Kadına yönelik şiddetle mücadelede neler yapılması gerekir?

Kadına yönelik şiddet ile mücadelede ülkemizde atılması planlanan adımlar, Ulusal Eylem Planı’nda belirlenen 5 ana hedef şunlardır:

  • HEDEF 1

    Mevzuatın gözden geçirilerek etkin uygulanması ve mağdurların adalete erişiminin kolaylaştırılması.

  • HEDEF 2

    Şiddete sıfır tolerans anlayışının tüm plan, program ve politikalara yerleştirilmesi.

  • HEDEF 3

    Koruyucu ve önleyici hizmetlerin etkin sunulmasına yönelik kurumsal kapasitenin geliştirilmesi.

  • HEDEF 4

    Şiddetle topyekûn mücadele için toplumsal farkındalık ve duyarlılığın artırılması.

  • HEDEF 5

    Sistematik, güvenilir ve karşılaştırılabilir verilerin toplanması ve istatistiklerin üretilmesi.
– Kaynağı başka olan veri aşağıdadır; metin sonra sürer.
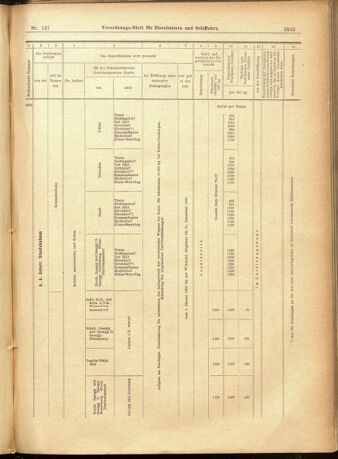 Verordnungs-Blatt für Eisenbahnen und Schiffahrt: Veröffentlichungen in Tarif- und Transport-Angelegenheiten 19011219 Seite: 11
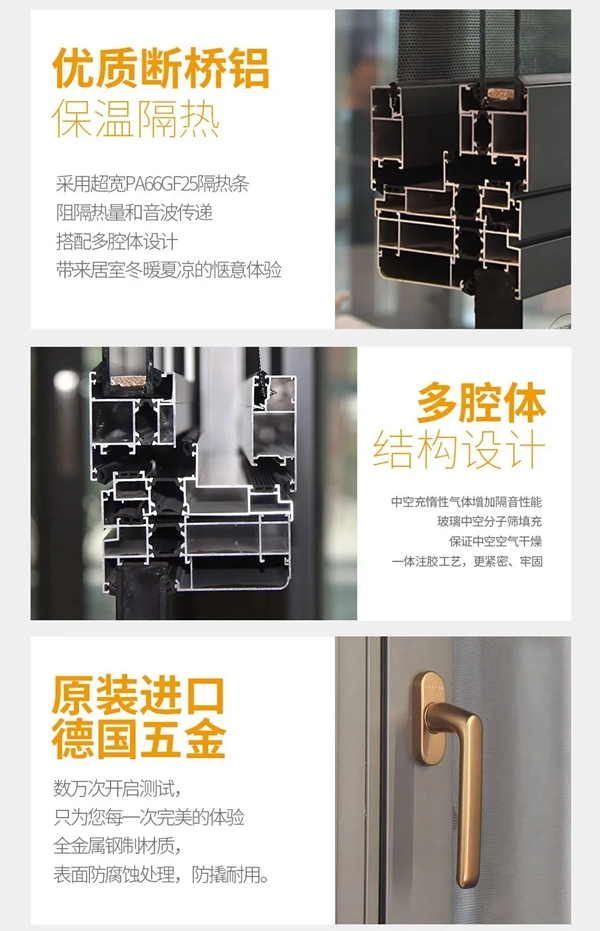 尚益达门窗金樽系列与你有约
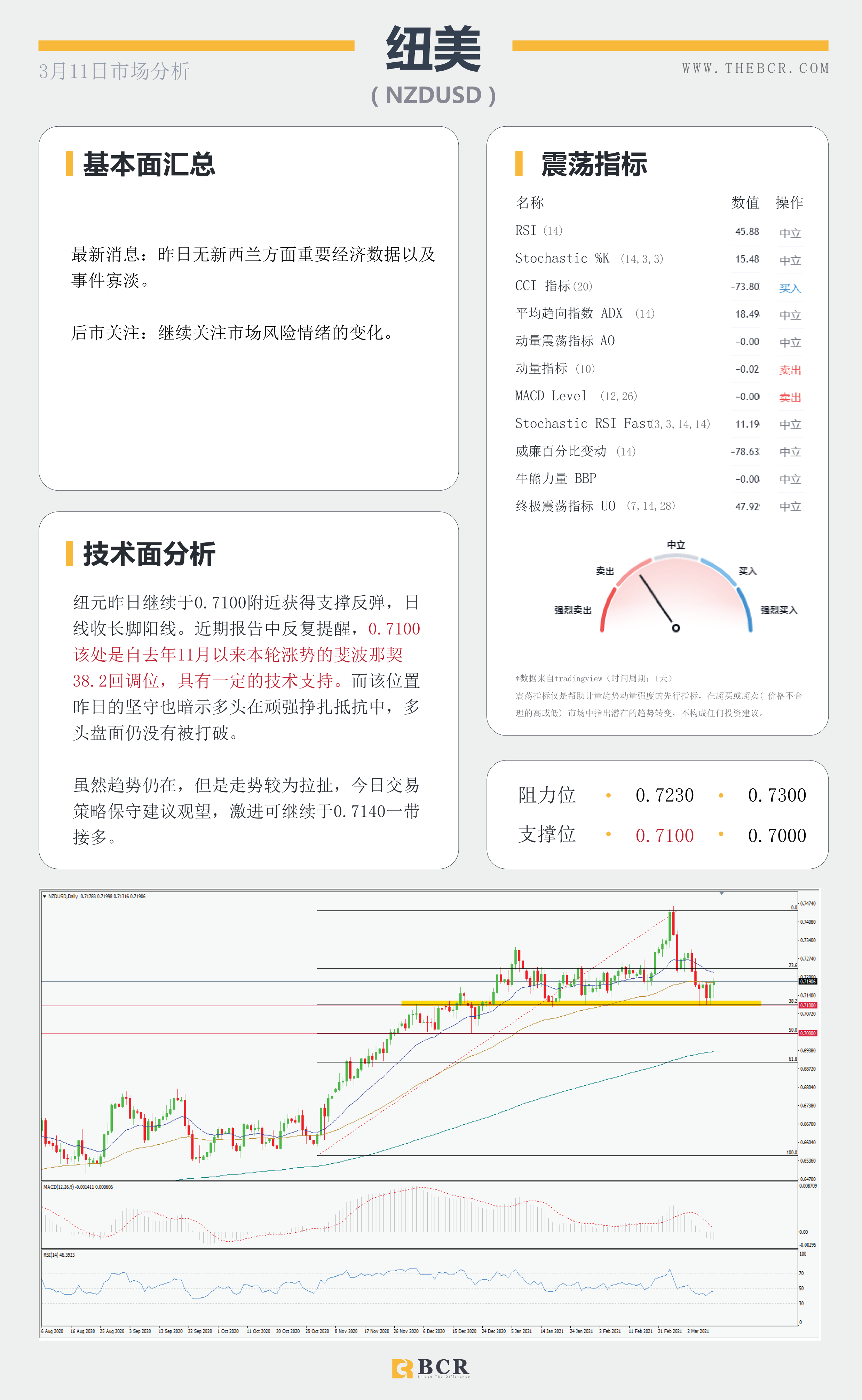 【百汇BCR今日市场分析2021.3.11】隔夜万亿刺激方案成功签署，欧央行今晚面对购债挑战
Nirengi Derneği olarak hem Ulusal Eylem Planı’ndaki hedeflerin hem de 6284 Sayılı Kanun’daki hükümlerin hayata geçirildiği, kadına yönelik şiddetin sorun olmaktan çıkarıldığı ve toplumsal cinsiyet eşitliğinin sağlandığı bir dünya ve Türkiye diliyoruz.